The controlling principle here is that "[a]n agency's general rulemaking authority does not mean that the specific rule the agency promulgates is a valid exercise of that authority." Colo. River Indian Tribes v. Nat'l Indian Gaming Comm'n, 466 F.3d 134, 139 (D.C. Cir. 2006). When an agency acts pursuant to its rulemaking authority, a reviewing court determines whether the resulting regulation exceeds the agency's statutory authority or is arbitrary and capricious. Sullivan v. Zebley, 493 U.S. 521, 528, 110 S.Ct. 885, 107 L.Ed.2d 967 (1990). A court does not simply assume that a rule is permissible because it was purportedly adopted pursuant to an agency's rulemaking authority. See Michigan v. EPA, ––– U.S. ––––, 135 S. Ct. 2699, 2706-07, 192 L.Ed.2d 674 (2015).

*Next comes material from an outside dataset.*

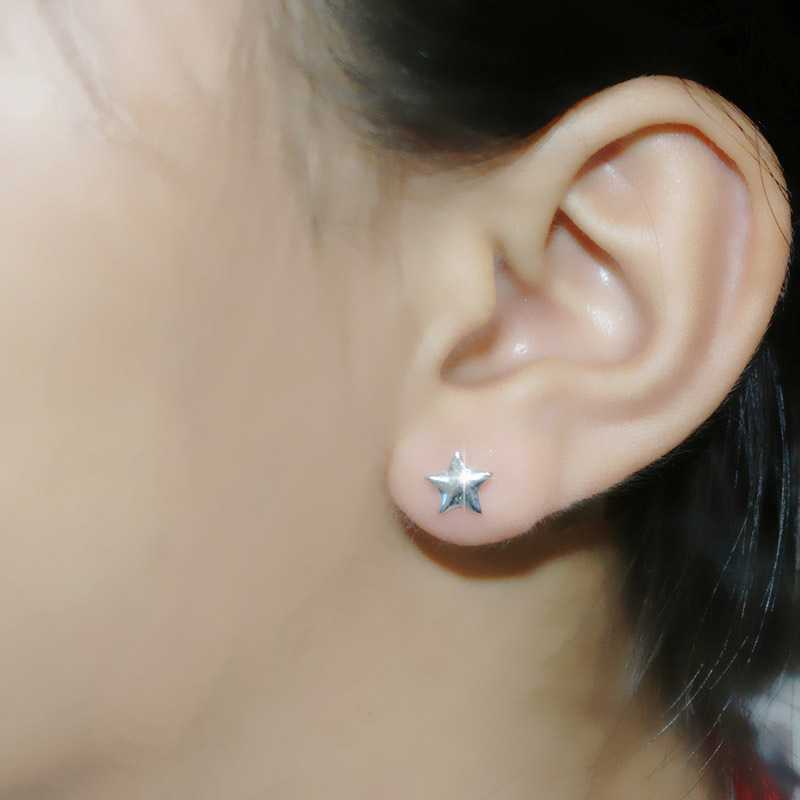 S925 gioielli in argento orecchio orecchio stella rettifica chiodo piccoli gioielli semplici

Nor does a court presume that an agency's promulgation of a rule "is permissible because Congress did not expressly foreclose the possibility." Motion Picture Ass'n of Am. v. FCC, 309 F.3d 796, 805 (D.C. Cir. 2002).

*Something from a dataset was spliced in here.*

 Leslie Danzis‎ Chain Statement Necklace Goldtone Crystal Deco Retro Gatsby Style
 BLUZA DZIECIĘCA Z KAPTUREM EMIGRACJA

Nothing in the Commission's rulemaking authority authorizes it to promulgate a "one-off" regulation like Rule 610T merely to secure information that might indicate to the SEC whether there is a problem worthy of regulation. "Regardless of how serious the problem an administrative agency seeks to address ... it may not exercise its authority ‘in a manner that is inconsistent with the administrative structure that Congress enacted into law.’ " Ragsdale, 535 U.S. at 91, 122 S.Ct. 1155 (quoting FDA v. Brown & Williamson Tobacco Corp, 529 U.S. 120, 125, 120 S.Ct. 1291, 146 L.Ed.2d 121 (2000) ). The Commission acted without delegated authority when it adopted the Pilot Program. Accordingly, we grant the petition for review, vacate the Rule, and remand the case.

I. BACKGROUND
A. Regulatory Background
1. The Exchange Act

Section 11A of the Exchange Act authorizes the SEC "to facilitate the establishment of a national market system [NMS] for securities." 15 U.S.C. § 78k-1(a)(2). The Act directs the Commission, "having due regard for the public interest, the protection of investors, and the maintenance of fair and orderly markets, to use its authority" to achieve this goal. Id.

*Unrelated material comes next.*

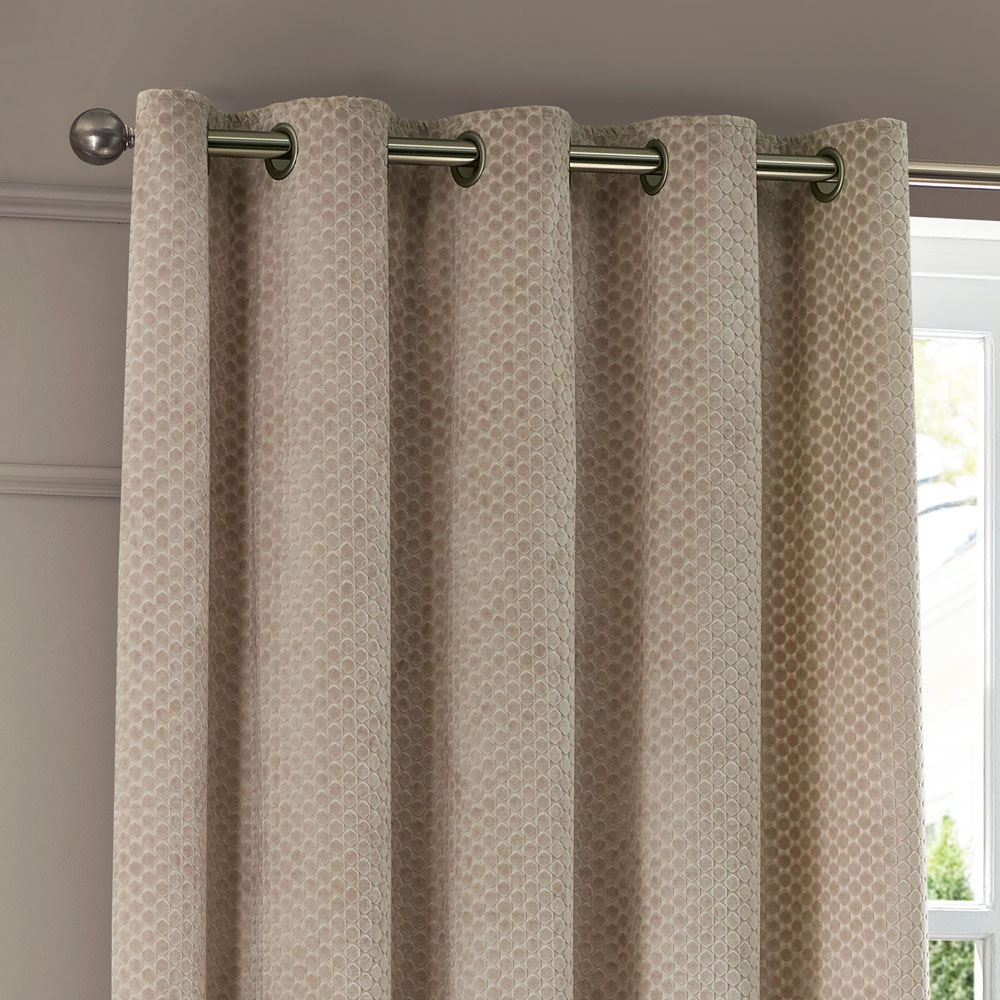 Paoletti Neptune Champagne Fully Lined Velvet Eyelet Curtains 229 x 137cm Image 2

Section 23 of the Act gives the Commission "power to make such rules and regulations as may be necessary or appropriate to implement the provisions" of the Act for which it is responsible. Id. § 78w(a)(1). The Act also states that, "in making rules and regulations," the Commission:

[ (1) ] shall consider ... the impact any such rule or regulation would have on competition[;] ... [ (2) ] shall not adopt any such rule or regulation which would impose a burden on competition not necessary
...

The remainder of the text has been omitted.